The Metering Challenge
It is challenging to build a metering system that is scalable, accurate and cost-effective:
- Cost: Database writes at scale can be expensive.
- Accuracy: Metrics systems may not provide the needed accuracy due to sampling.
- Latency: Periodic batch processing in data warehouses can introduce latency.
Auditable data is classified as such when the loss of any data record is intolerable, and complete records retention is necessary. When utilizing an auditable dataset, it is expected to be comprehensive and complete. Examples of auditable data include transaction logs, replication logs, and billing/finance events.
Operational data, conversely, doesn't require strict completeness. To maintain manageable costs, sampling is often employed, and some degree of data loss is acceptable. Tools designed to manage operational data often prioritize efficiency, bypassing retries and costly guarantees of exactly once delivery. Examples of operational data include telemetry, metrics, and contextual data that describe each request and system component.
OpenMeter is designed to give auditable guarantees required for billing while keeping the scalability and real-time benefits typically only seen with operational data.
Learn more about Auditable or Operational data.
Monitoring systems are tailored to gather, process, and store operational data. However, these systems often lack the level of consistency crucial for auditable use cases like billing, where legally binding contracts necessitate accuracy and complete data.

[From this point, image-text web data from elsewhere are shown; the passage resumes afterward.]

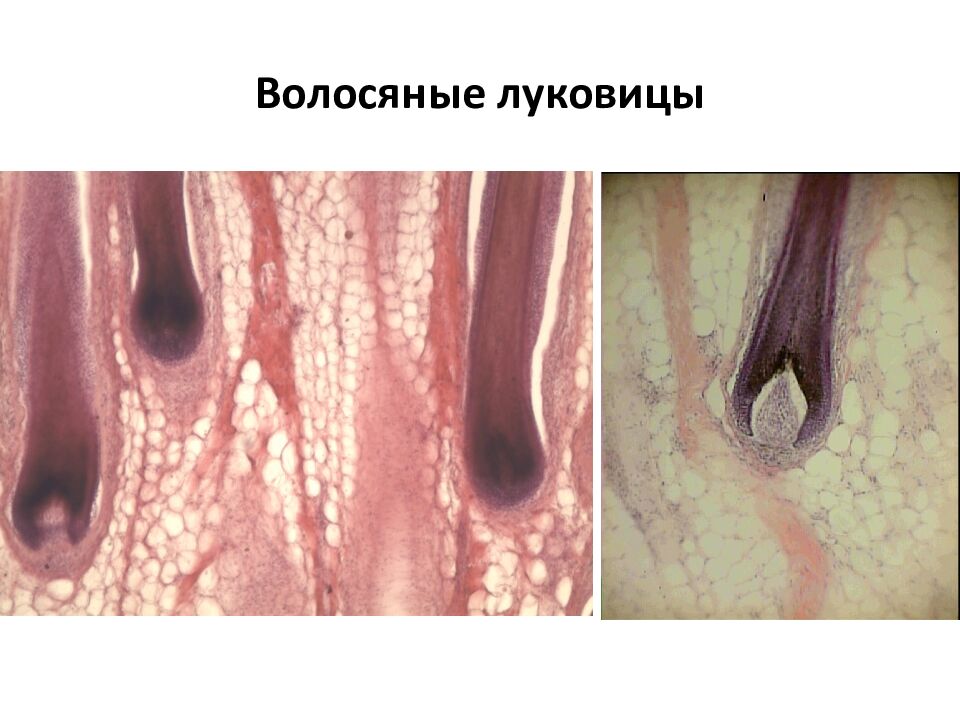 Волосяные луковицы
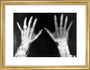 X-rays of the hands of King George and Queen Mary, 1896. art print small gold Art Print - Science Museum Shop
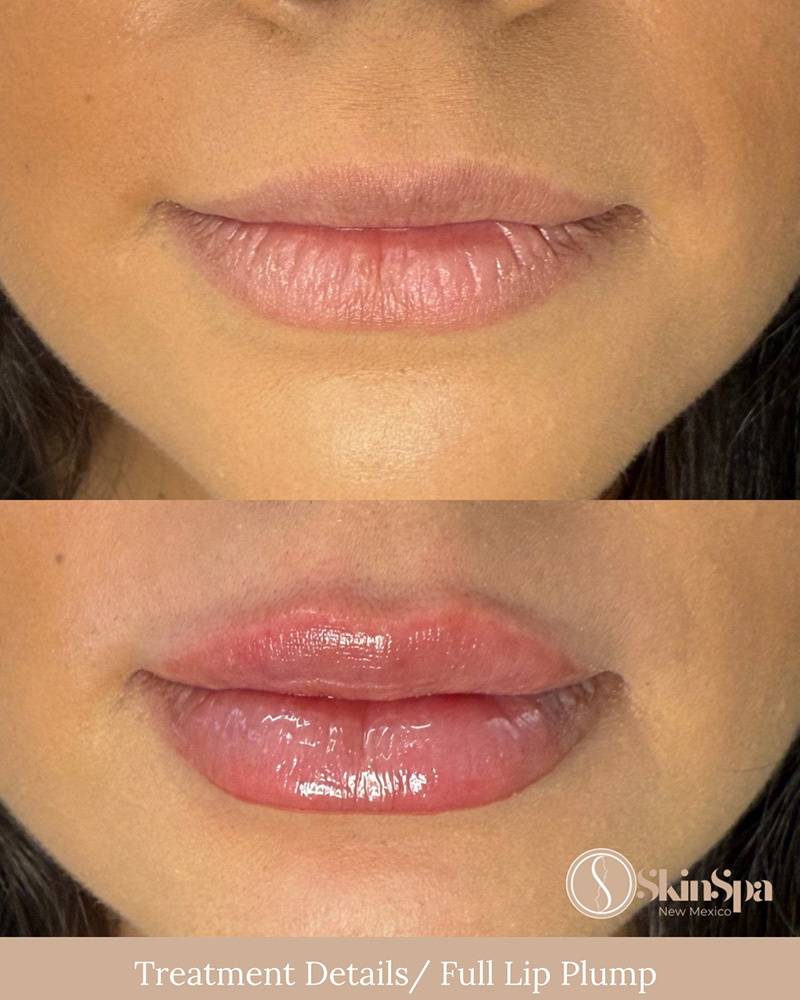 Lip Filler (full) using Juvederm or Evolysse Products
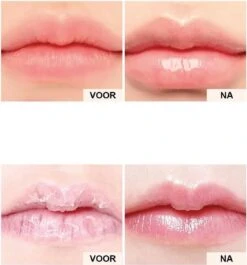 2 Stuks DAG En Nacht Lip Plumpers | Natuurlijke Lip Plumpers | 50% Vollere Lippen In 2 Min | Lip Filler | Lipgloss | Lip Maximizer | Cadeautip | In Een Schattige Cadeauverpakking! -GlowBelle Verkoopwinkel 1118x1200 2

Metrics systems like Prometheus scale well for many timeseries data points but keeping cardinality low is advised, making it difficult to track individual user resource consumption on a large scale.
Scaling databases to accommodate write-intensive event ingestion and real-time queries can be costly. Not only you need to store every single record in the database, but also, you must scan through them for aggregation in your queries, driving up load and cost.
This is why OpenMeter uses stream processing to pre-aggregate usage data before storing it in a long-term database. As part of the data processing, we send usage events to a message queue first to avoid overwhelming the database and to protect against data loss in case of failures. The long-term aggregates are then stored in an OLAP database designed to store and query large volumes of analytics data efficiently.
Storing all records in a data warehouse and processing them in batches may be cost-effective, but it leads to outdated meters. Most companies run daily batch processing, resulting in stale data that is unsuitable for immediate-response product use cases, such as usage gating, customer dashboards, and billing thresholds.
Stale usage aggregation also means slower feedback loops around consumption, which can lead to unexpected charges and customer dissatisfaction.